Die Logik der Aufklärung und revolutionäre Realitäten

Wie brechen Revolutionen aus? Diese Frage beschäftigt Sozialwissenschaften und Politik seit über 200 Jahren, um Revolutionen vorherzusagen, zu verhindern oder auszulösen. Dennoch hat jede Revolution ihr Überraschungsmoment, so Erdal Kaynar in seinem Vortrag über die politischen Implikationen gewaltsamer, gesellschaftlicher Umstürze.

 

Was die Logik der Aufklärung genannt wird, zeigt sich als ein gängiges Erklärungsmuster für politischen Umbruch seit der Französischen Revolution, das dazu dient, genau diesen disruptiven Charakter revolutionärer Realitäten zu überwinden. Nach dieser Logik der Aufklärung erklärt sich politischer Wandel und der Emanzipationsprozess im Allgemeinen aus der Verbreitung von demokratischen Ideen durch eine aufgeklärte Elite.
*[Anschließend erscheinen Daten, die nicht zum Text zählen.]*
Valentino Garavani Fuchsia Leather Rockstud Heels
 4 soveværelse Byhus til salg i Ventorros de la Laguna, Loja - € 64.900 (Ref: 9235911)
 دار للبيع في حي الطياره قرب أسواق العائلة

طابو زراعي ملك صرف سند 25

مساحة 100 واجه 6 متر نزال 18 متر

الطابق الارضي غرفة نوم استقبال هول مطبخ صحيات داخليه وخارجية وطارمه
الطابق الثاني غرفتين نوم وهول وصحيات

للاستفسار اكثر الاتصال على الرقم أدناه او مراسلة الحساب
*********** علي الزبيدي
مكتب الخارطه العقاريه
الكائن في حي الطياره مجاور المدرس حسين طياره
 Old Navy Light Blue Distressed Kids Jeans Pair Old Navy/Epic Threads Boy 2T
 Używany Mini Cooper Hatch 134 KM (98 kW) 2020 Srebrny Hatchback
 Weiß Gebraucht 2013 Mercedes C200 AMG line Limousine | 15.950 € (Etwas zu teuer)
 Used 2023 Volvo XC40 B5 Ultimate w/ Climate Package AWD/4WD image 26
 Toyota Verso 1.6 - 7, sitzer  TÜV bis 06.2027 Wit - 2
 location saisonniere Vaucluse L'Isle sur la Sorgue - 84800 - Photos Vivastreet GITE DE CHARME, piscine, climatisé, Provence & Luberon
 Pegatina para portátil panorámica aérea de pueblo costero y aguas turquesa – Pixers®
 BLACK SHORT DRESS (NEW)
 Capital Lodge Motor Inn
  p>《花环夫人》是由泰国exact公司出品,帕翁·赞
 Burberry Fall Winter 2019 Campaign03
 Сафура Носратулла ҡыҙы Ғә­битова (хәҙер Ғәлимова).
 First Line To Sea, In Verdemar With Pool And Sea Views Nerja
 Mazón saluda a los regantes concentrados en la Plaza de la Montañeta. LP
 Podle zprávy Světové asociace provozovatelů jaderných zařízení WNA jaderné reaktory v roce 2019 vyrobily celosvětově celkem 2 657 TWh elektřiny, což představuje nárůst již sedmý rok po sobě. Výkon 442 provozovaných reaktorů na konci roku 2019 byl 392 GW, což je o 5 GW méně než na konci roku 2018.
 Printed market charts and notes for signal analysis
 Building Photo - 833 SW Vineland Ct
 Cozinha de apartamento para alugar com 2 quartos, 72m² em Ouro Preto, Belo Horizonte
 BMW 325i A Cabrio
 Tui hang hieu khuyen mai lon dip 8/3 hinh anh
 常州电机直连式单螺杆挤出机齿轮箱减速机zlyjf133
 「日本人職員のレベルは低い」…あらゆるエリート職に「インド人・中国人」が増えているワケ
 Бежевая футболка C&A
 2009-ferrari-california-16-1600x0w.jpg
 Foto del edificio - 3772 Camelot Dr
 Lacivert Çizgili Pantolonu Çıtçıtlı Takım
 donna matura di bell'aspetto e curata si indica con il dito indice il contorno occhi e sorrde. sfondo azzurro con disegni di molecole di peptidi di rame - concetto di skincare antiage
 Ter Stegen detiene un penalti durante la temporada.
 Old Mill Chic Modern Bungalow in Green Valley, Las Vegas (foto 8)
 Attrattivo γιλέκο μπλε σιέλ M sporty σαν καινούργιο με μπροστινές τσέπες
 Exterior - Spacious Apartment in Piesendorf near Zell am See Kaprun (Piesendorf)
Echos dieser Sichtweise finden sich in der Bezeichnung der Ereignisse des Arabischen Frühlings als „Facebook Revolutionen“ oder in Protesten um den Gezi Park als „Twitter Revolten“, die gemeinhin einen naturgemäßen Automatismus suggeriert. Bei genauerem Hinsehen zeigen sich aber die tief politischen Implikationen dieses Erklärungsmusters. Mit einem Fokus auf die vergessene Jungtürkische Revolution von 1908 im Osmanischen Reich soll aufgezeigt werden, wie die Logik der Aufklärung einen Versuch darstellt, die Revolution zu vereinnahmen und darüber einen politischen Geltungsanspruch in der postrevolutionären Gesellschaft zu stellen. Denn der Wunsch, eine Revolution zu deuten, bezieht sich nicht nur auf Forscher und ihr Bestreben, die Ereignisse entlang wissenschaftlicher Interessen zu glätten, sondern ist auch grundlegend für das Handeln von politischen Akteuren während und vor allem nach der Revolution. Wenn die Deutung der Revolution als ein politischer Akt verstanden wird, erscheint auch die autoritäre Wende von Revolutionen wie im Osmanischen Reich nach 1908 weniger als Widerspruch zur Logik der Aufklärung, sondern vielmehr als eine politische Antwort auf eine politische Situation, die sich aus dem Aufeinanderprallen von revolutionärem Ideal und revolutionärer Wirklichkeit ergibt.